Christians are called to find and praise what is good, true or beautiful wherever they happen to find it. Indeed, all three should be seen as related as three ways we encounter being, just as the ancient philosophers understood. Goodness can be and should be judged by beauty; beauty can be and should be judged by truth; truth can be and should be judged by goodness. Being is simple and one with itself, and yet our encounter with it can only be described by looking at it in different ways with different methods and under different categories of thought; when we do so we must remember what it is we are doing so that we do not end up closing ourselves to being by forgetting that the different ways we can encounter it are complementary of each other, and even if all those complementary descriptions are put together, they would still fail to capture the true essence of being.

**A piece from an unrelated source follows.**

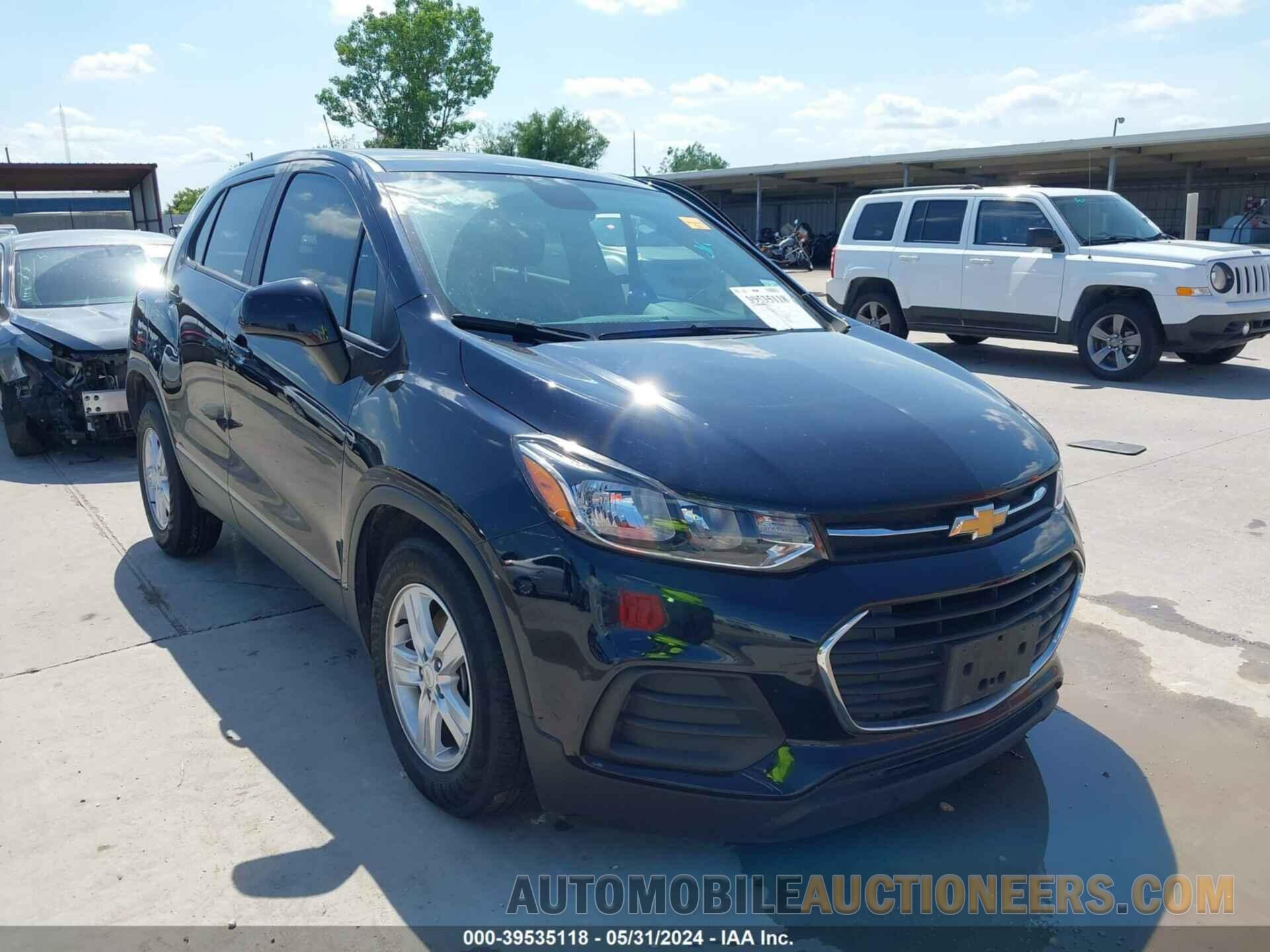 KL7CJKSB7MB329290 CHEVROLET TRAX 2021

This is true not only of being, but also when we discuss or look at one of its many facets: goodness is one and yet manifold. It is a universal which is realized in many particulars. Each of those particulars fully manifests what is good, and yet they do not exhaust it. Goodness is one and all that is good shares in that one goodness, participating in it, manifesting it in many different ways. To discuss what is good, we need to look at goodness as a universal and as a particular, realizing that both angles together complement each other: however, because what we are doing is a human enterprise, it is limited, and so we must know from the start that what we come up with will not present the fullness of what it means to be good. But because we are called to be good, we are called to examine what it means to be good, and whatever caveats we must put upon our examination of goodness, they must no hold us off from our enterprise. How are we to go about it? We must look at what it means to be good in a way where neither its universal nor the particular dimensions are rejected. This explains why it is valid and traditional for Catholics to look at the Gospel of Life and the dignity of all human life as one universal truth (and in this way Cardinal Bernardin’s famous discussion of the seamless garment of life is shown to be legitimate), while realizing that the individual ways we ought to live out that Gospel can be and will be difficult to know in real concrete situations. To fail to understand the unity of all that is good, to fail to understand the Gospel of Life presents to us one universal vision of the dignity of all human life, is to fall for nominalistic relativism which allows for no concrete morality. To fail to realize that this goodness and dignity must be understood and witnessed according to different ways to meet the different situations of life is to fall for universalistic monism. Both visions of humanity are ugly and must therefore be rejected: they cannot be true.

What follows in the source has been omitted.